• [INSTRUCTIONS TO FOLLOW]
The line containing "2021 PEUGEOT LANDTREK", and every line after it to the end of the listing, should be repeated exactly; the pictures should not.
━━━━━━━━━━━━━━━━━━━━━━━━━━━━━━
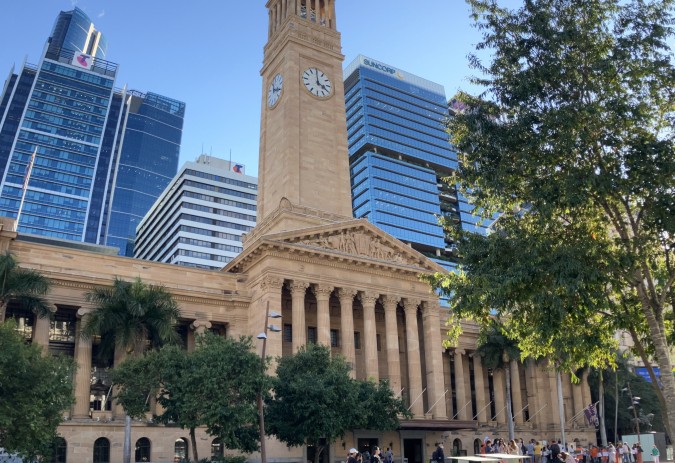 三都市　BRISBANE 73 church's ブリスベン　70F Art and Architecture in Brisbane② / 芸術 建築 ブリスベン(Brisbane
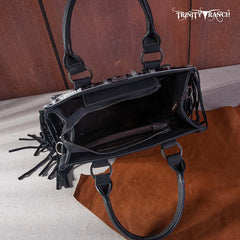 Trinity Ranch Hair On Cowhide Tote/Crossbody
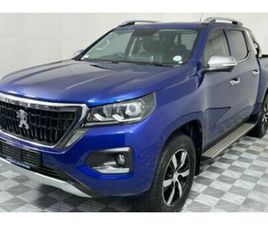 2021 PEUGEOT LANDTREK 1.9D 4ACTION 4X4 DOUBLE CAB AUTO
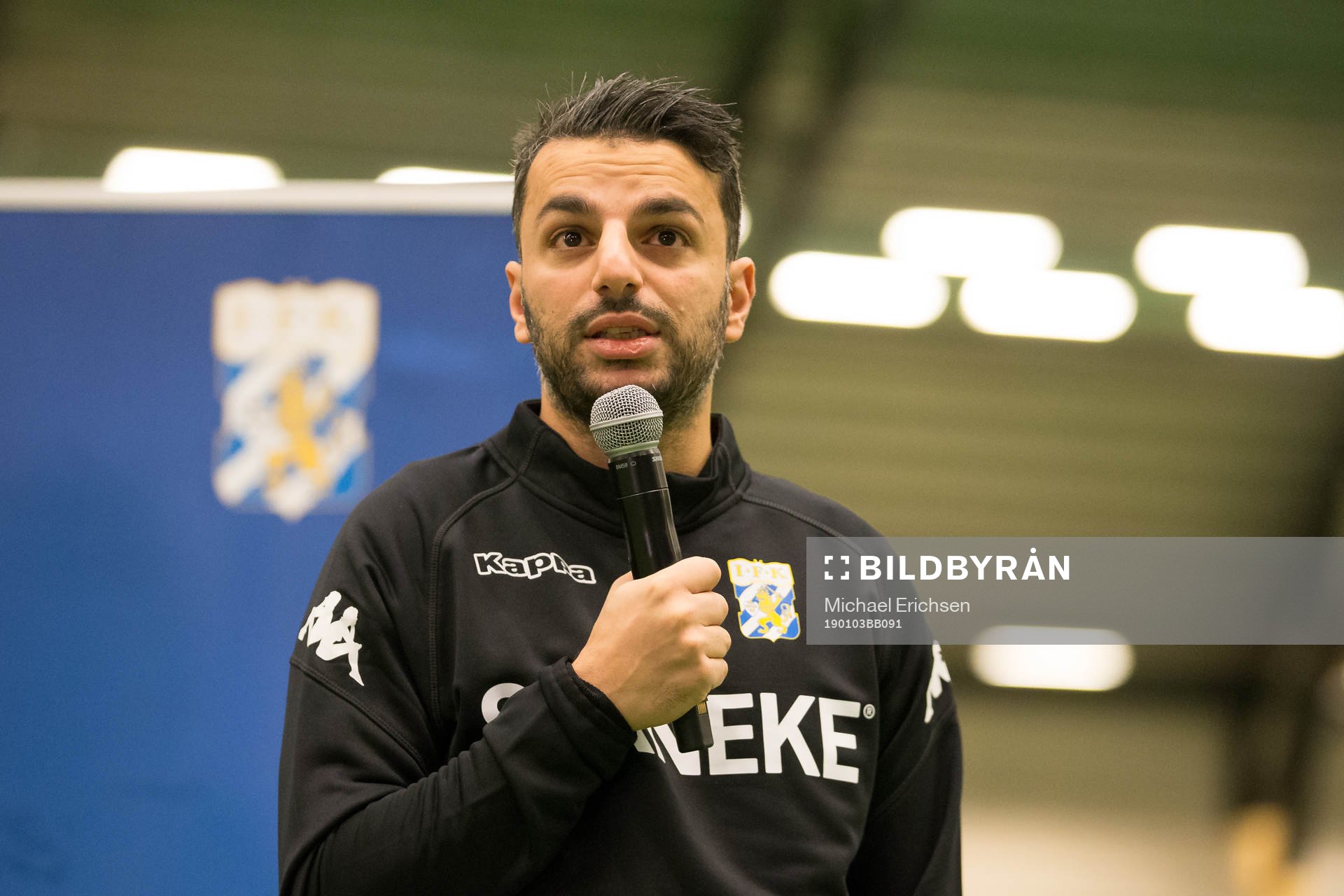 IFK Göteborgs tränare Poya Asbaghi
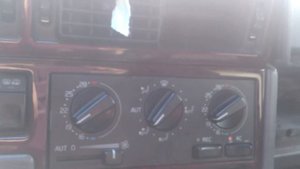 Volvo 850 Climate control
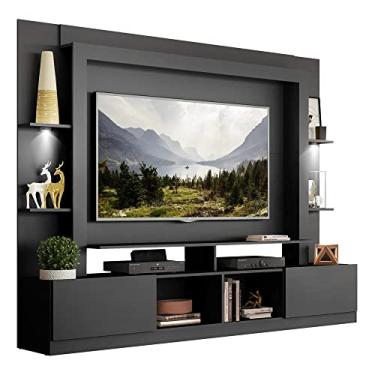 Imagem de Estante Tv 65" com Leds Berlim Multimóveis V3392 Preta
━━━━━━━━━━━━━━━━━━━━━━━━━━━━━━
• [WRITTEN RESPONSE]
 2021 PEUGEOT LANDTREK 1.9D 4ACTION 4X4 DOUBLE CAB AUTO
 IFK Göteborgs tränare Poya Asbaghi
 Volvo 850 Climate control
 Imagem de Estante Tv 65" com Leds Berlim Multimóveis V3392 Preta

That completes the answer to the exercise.